L’essentiel de notre communication se faisant sur Mastodon nous pensons déménager sur une instance spécialisée pour les indépendant·es du livre nommée lire.im, mais cela attendra d’avoir un peu de trésorerie. Nous pensons également que la fédération est importante pour les petites maisons d’édition et la décarbonation du livre, et nous sommes heureux·ses que les premières assises de l’édition indépendante aient eu lieu en ce début d’année 2023, débouchant sur la création de la FÉDération des Éditions Indépendantes (FÉDÉI). Nous comptons ainsi rejoindre l’association normande des maisons d’édition indépendantes la Fabrique ô Livres, dès la parution de notre premier recueil.

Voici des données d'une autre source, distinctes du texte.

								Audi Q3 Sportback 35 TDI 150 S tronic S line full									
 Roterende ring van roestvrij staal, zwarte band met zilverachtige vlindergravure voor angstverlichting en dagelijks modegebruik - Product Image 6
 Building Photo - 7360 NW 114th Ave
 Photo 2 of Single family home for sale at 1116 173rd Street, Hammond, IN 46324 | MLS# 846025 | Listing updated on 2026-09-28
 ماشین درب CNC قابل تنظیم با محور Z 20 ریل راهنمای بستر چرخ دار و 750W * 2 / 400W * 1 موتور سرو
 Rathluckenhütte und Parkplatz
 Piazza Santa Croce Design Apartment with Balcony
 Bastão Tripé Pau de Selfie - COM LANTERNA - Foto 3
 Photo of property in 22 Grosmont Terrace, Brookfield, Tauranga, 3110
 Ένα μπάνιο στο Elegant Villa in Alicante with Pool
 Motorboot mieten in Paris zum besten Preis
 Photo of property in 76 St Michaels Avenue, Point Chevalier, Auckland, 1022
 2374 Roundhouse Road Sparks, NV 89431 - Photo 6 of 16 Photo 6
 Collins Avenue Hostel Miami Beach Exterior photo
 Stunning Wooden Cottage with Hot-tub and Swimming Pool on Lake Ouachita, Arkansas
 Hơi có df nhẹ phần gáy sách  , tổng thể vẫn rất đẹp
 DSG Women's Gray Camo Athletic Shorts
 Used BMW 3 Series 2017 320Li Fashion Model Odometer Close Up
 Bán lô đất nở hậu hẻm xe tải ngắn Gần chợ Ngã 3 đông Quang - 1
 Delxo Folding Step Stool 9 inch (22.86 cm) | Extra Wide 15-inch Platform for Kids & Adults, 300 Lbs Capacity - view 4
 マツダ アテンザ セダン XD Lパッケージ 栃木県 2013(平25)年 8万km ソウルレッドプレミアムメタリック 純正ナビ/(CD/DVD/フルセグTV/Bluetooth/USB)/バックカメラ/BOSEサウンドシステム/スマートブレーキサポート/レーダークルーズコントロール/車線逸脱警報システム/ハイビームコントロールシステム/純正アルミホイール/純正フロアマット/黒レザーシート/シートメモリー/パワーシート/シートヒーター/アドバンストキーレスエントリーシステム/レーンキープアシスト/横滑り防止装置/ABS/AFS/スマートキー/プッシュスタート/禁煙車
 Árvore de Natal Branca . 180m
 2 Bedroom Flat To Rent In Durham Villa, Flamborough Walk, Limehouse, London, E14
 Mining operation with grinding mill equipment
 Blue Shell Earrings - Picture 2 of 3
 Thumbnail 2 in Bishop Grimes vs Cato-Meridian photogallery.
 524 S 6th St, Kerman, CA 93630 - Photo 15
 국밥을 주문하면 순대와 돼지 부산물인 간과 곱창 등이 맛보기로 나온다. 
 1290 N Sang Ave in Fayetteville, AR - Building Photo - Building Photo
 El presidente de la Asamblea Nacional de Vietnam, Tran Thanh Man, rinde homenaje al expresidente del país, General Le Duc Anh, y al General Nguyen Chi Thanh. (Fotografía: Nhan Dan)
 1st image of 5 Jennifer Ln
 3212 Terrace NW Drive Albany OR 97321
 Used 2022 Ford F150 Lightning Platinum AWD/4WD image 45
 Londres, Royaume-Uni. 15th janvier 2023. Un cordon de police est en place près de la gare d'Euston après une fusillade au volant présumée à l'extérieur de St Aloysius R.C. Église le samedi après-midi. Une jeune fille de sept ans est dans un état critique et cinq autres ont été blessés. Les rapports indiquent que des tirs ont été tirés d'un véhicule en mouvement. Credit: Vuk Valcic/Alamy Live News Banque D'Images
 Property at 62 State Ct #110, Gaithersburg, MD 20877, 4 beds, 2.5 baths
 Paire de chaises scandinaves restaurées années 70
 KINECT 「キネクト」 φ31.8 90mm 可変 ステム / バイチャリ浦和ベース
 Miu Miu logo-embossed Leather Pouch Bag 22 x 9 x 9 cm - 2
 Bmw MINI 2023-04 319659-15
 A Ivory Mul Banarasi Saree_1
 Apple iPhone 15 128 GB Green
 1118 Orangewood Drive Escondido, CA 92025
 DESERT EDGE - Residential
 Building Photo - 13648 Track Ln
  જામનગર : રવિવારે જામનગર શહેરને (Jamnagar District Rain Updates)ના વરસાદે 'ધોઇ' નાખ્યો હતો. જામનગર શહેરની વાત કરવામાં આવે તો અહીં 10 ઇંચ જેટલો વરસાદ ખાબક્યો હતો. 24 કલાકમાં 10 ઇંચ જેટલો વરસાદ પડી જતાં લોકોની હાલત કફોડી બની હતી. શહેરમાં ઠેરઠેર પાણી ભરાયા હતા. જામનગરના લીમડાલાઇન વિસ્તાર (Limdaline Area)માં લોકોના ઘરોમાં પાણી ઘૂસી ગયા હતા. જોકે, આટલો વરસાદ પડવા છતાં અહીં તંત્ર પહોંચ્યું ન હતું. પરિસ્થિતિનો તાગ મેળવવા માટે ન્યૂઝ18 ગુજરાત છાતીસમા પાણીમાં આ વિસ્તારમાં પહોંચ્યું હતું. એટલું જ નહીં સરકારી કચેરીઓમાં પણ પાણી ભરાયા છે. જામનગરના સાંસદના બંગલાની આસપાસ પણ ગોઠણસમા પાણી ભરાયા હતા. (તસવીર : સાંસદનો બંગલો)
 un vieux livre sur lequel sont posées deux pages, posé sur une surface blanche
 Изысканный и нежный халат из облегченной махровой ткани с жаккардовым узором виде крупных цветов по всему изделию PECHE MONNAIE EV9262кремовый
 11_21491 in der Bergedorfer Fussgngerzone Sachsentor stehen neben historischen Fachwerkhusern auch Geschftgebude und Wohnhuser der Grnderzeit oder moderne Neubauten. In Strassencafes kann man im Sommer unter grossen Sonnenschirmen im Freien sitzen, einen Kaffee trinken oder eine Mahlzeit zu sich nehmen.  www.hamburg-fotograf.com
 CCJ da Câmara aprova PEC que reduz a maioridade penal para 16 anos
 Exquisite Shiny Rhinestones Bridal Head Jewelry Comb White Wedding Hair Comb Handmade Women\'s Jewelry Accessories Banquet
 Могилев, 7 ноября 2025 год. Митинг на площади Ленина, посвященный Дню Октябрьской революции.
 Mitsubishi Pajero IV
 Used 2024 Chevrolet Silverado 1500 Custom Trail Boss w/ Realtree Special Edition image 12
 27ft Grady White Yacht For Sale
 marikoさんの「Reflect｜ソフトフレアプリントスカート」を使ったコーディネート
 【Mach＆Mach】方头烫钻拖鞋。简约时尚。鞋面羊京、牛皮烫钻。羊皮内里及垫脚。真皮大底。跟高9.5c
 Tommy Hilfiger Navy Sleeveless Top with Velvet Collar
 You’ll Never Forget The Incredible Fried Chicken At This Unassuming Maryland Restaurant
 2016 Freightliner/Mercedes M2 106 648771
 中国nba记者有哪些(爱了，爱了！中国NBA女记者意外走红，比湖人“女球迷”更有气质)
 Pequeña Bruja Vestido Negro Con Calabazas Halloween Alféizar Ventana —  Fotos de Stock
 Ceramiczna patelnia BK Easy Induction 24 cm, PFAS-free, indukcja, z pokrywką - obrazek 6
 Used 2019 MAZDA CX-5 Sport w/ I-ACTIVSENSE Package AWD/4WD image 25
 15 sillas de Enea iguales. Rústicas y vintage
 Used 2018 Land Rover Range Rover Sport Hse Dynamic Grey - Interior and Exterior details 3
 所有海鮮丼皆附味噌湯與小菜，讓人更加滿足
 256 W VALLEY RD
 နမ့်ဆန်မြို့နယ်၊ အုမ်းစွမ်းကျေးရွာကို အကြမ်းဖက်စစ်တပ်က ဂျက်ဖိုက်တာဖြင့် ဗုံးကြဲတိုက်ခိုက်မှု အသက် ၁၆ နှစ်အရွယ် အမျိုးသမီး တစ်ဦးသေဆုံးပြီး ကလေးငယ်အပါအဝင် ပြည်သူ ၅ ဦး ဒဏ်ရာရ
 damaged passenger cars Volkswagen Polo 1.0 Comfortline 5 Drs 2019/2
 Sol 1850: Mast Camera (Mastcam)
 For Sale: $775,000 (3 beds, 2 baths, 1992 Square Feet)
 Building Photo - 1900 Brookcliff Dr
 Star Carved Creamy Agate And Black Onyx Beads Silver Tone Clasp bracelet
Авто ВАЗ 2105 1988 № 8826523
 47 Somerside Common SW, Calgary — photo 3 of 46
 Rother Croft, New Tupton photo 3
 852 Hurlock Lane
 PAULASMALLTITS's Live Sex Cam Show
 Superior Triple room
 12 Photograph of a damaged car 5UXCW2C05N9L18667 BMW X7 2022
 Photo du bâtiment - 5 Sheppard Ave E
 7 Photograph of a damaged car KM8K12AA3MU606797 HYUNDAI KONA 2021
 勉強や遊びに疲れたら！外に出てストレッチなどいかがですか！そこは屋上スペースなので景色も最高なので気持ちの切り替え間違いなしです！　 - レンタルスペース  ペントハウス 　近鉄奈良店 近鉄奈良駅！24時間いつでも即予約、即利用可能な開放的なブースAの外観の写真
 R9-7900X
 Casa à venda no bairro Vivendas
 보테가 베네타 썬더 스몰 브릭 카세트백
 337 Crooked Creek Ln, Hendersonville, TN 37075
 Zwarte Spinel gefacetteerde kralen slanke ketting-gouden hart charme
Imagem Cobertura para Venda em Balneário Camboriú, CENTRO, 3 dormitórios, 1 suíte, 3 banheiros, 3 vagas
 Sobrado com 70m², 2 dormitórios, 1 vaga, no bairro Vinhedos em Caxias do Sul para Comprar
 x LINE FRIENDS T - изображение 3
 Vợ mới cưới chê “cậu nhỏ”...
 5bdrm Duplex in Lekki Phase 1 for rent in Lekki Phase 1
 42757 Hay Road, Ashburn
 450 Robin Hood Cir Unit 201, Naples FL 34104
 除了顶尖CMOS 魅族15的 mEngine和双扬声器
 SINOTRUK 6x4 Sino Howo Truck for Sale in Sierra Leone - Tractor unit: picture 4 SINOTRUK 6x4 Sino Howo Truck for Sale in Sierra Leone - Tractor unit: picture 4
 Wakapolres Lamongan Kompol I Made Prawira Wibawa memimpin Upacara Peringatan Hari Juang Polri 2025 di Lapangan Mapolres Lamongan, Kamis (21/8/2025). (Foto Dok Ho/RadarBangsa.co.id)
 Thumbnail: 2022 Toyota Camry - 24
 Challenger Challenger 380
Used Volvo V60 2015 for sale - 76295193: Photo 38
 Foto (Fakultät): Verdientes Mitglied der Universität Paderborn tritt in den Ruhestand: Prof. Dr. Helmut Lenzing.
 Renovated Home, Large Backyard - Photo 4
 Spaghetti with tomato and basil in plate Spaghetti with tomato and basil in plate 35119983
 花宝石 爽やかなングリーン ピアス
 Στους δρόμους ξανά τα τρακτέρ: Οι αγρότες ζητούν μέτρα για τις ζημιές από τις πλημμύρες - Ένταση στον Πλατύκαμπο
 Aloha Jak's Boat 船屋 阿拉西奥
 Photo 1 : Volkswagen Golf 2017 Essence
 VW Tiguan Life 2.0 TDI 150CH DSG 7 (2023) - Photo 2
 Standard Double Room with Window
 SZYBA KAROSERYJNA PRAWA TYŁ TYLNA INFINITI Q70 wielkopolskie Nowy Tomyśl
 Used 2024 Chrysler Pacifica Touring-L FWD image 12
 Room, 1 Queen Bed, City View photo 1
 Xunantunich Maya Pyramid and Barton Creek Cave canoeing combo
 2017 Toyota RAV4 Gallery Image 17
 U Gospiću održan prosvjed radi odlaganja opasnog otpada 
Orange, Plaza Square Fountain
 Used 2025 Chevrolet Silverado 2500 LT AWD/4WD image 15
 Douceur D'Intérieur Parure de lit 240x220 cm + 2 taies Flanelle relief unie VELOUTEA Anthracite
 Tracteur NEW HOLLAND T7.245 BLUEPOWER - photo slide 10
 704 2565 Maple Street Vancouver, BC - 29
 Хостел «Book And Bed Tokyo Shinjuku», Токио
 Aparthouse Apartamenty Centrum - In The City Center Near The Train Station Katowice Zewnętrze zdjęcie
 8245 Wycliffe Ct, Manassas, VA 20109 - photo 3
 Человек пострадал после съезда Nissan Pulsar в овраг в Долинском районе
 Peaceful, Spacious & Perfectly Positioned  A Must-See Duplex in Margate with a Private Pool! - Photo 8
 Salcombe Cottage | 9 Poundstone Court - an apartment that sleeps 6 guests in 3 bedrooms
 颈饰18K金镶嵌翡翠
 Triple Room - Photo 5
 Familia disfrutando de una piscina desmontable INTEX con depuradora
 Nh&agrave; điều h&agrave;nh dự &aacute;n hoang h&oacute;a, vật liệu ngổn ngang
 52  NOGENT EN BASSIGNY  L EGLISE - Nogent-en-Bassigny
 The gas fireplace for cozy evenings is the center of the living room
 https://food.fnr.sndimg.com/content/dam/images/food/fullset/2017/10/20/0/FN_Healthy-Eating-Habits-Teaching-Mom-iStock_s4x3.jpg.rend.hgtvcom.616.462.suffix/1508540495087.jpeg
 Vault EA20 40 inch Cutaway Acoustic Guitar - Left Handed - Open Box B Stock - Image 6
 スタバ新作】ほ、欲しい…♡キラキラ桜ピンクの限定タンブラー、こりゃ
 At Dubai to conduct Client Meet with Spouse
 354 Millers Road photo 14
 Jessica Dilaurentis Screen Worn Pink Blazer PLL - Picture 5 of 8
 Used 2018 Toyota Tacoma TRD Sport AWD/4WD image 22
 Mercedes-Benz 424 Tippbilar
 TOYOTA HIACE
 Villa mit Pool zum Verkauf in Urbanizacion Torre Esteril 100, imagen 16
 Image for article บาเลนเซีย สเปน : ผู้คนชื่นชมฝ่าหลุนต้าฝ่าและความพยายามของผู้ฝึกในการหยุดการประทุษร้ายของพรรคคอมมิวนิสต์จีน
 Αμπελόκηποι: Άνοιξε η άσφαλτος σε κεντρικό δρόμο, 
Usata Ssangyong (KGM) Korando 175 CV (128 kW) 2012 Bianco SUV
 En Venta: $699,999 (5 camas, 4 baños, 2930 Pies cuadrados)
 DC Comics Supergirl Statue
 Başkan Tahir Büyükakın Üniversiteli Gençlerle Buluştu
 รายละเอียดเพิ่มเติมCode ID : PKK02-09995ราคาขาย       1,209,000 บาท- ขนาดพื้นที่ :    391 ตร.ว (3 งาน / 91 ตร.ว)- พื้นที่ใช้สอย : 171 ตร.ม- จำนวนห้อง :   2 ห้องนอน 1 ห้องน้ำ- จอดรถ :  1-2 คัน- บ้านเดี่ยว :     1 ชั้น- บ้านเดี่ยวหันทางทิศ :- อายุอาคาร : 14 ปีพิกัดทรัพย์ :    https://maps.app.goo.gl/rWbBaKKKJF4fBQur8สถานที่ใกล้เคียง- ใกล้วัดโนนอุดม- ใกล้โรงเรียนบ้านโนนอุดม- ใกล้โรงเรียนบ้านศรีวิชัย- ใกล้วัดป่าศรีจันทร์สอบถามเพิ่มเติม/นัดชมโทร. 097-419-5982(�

Enfin, si nous allons utiliser majoritairement ce blog pour vous tenir au courant des actualités, nous aimerions mettre en place un moyen pour que vous puissiez vous inscrire à une infolettre, que nous utiliserions exclusivement pour vous tenir au courant des lancements de campagnes de financement participatif (question d’éviter d’alourdir exagérément vos boîtes mail).
Et c’est tout pour cette première (longue) note de blog. Nous vous souhaitons de bonnes lectures ainsi que d’inspirantes séances d’écriture.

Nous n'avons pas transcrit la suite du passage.